Nick McHatton from TV Fanatic, gave a 4.5 star rating out of 5, stating: "The bromance between Eddie and Nick brings most of the humor to the show and he's a much better partner than Hank. With all the attention he gave to the cameras in Nick's trailer, I kind of wished Nick had invited him back to watch the old film. I would have loved to get Eddie's take on Hitler being a creature."

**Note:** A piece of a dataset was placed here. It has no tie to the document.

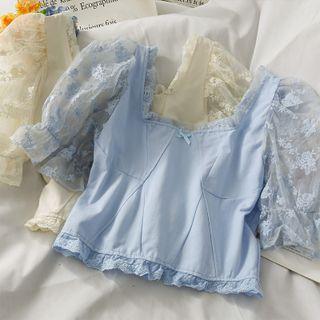 Mesh-sleeve Ruffled Crop Top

Shilo Adams from TV Overmind, stated: "'Three Coins in a Fuchsbau' was a tiny step back from the past few episodes in overall scope, but I think that it can be an important episode going forward. Nick hasn't really had to deal with his past much, once Marie, his last living relative, passed and it'll be interesting to see how he responds emotionally to Kolt's information. The fact that he included Juliette in the loop may indicate that Nick won't be ignoring the fact that his entire worldview got shook once he found out the role the Wesen world played in the death of his parents. He's seemed like a nice, normal guy from the beginning of the series and I root for him and Monroe to continue learning from one another and growing, but I felt like I barely knew Nick Burkhardt before 'Three Coins in a Fuchsbau'. The episode may not have provided a shocking reveal, but the fact that Grimm seems ready to embrace its true beginnings and bring on the mythology is a very, very promising thing for the show. Grimm may not be much on character backgrounds, but when it does fill in between the lines, I find that I'm liking it (and its characters) more and more."